McDonald’s Board of Directors has been sued in a derivative action by a Local of the Teamsters Union in its capacity as a shareholder of McDonald’s.  The suit alleges that the Board breached its fiduciary duties to the shareholders by how it handled allegations of sexual misconduct by the company’s former Chief Executive Officer, Stephen Easterbrook, and McDonald’s head of Human Resources, David Fairhurst.

Easterbrook was promoted to Chief Executive Officer despite the Board knowing he was  involved in a relationship with an independent contractor that was prohibited under company policy. Fairhurst was alleged to have acted improperly at a company event but  suffered no consequence other than being warned about excessive drinking. Easterbrook did not inform the Board of Fairhurst’s conduct. Fairhurst became intoxicated at another company event and engaged in sexually inappropriate conduct that numerous McDonald’s employees reported to the company. Easterbrook did report that event to the Board but urged the Board to do no more than reduce Fairhurst’s annual bonus.

The Board subsequently received a complaint that Easterbrook was engaging in yet another impermissible relationship involving a McDonald’s employee. After what the Complaint describes as “an exceedingly cursory investigation” the Board terminated Easterbrook but did so  “without cause.” That decision permitted Easterbrook to leave with his reputation intact and, more to the point of the lawsuit, severance payments amounting to tens of millions of dollars.  The Complaint alleges that the Board doing so constituted a breach of its fiduciary duties to the shareholders.

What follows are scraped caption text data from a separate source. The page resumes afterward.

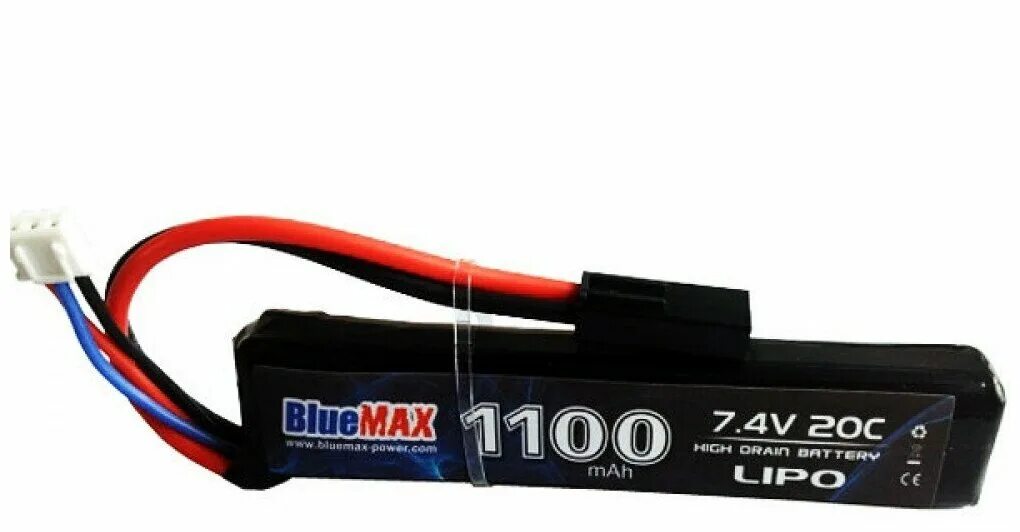 Аккумулятор для страйкбольного привода. Аккумулятор 7.4v 1100mah 20c cqb (lipo) bluemax. акб bluemax 7.4v lipo 1200mah 20c slim ak stick (11.5x17x185). аккумулятор блю макс 7*4.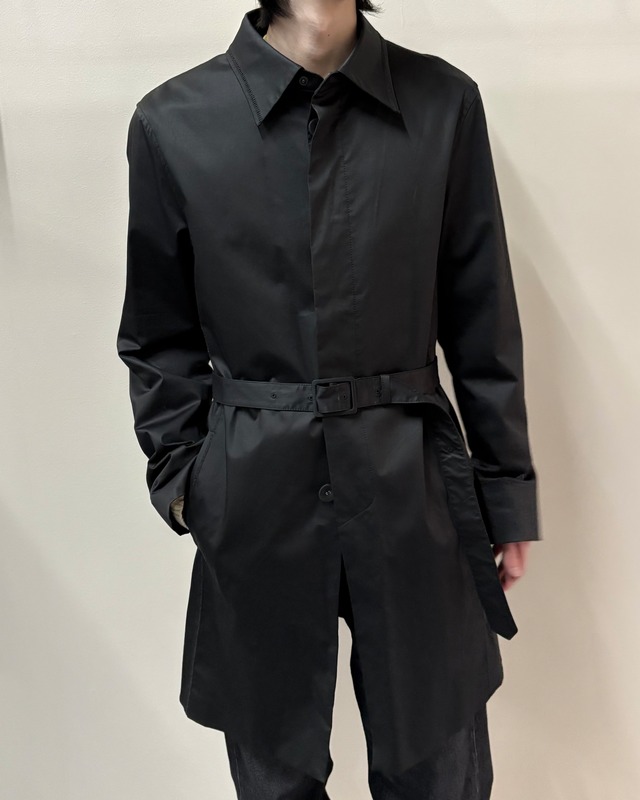 【JEAN PAUL GAULTIER】fly front belted half coat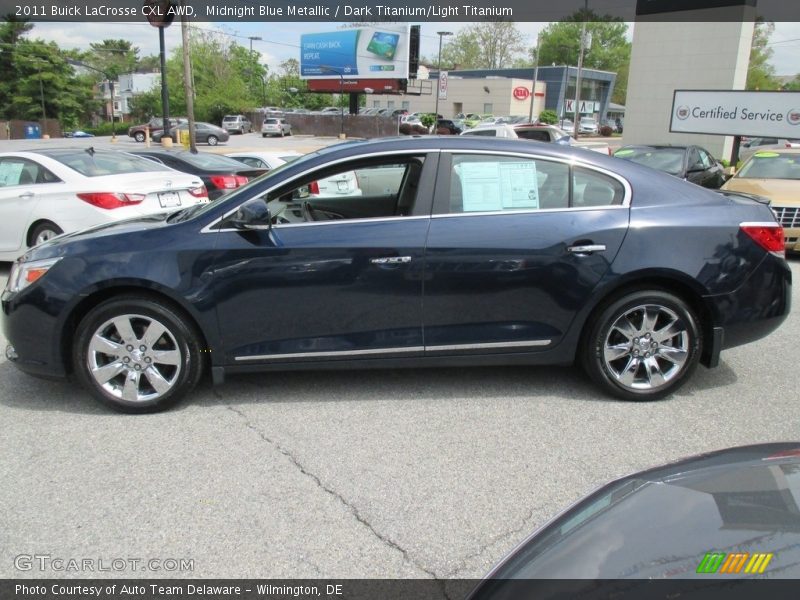 Midnight Blue Metallic / Dark Titanium/Light Titanium 2011 Buick LaCrosse CXL AWD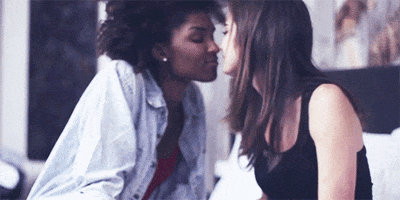 lesbian french kiss GIF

The McDonald’s case is not unique. Other high-profile cases from companies such as Vice Media, Ford Motor Company, 21st Century Fox and Bank of America make it clear that sexual harassment occurs at the highest levels.  What is the takeaway lesson from these stories? It is that merely having an anti-harassment policy and a Human Resources Department are  not sufficient defenses against sexual harassment occurring and that the failure to enforce such policies at the highest level erodes respect for them at every level that eventually will lead to trouble. 

Employers and Boards of Directors should know that claims of such misconduct by senior executives cannot be ignored or  treated with a quiet taking of the executive to the proverbial “woodshed” but with no real consequences.  When the charge is against a senior officer the chief executive officer must use the imprimatur  of his or her office to assure, not obstruct, a thorough investigation and impose appropriate consequences notwithstanding friendships or the perceived importance of the wrongdoer to the enterprise.  Companies must have an effective method so that charges against the most senior executives of a company may be reported without fear of reprisal and assurance of thorough investigation and appropriate consequences.  When a Board receives such reports, they must be investigated appropriately either by a committee of the Board consisting of only outside directors or by an external entity.

Only by demonstrating “top down” compliance with sexual harassment policies can Employers expect all employees to take such policies seriously; and while this article has focused on sexual harassment policies, the same principles apply to all anti-discrimination policies.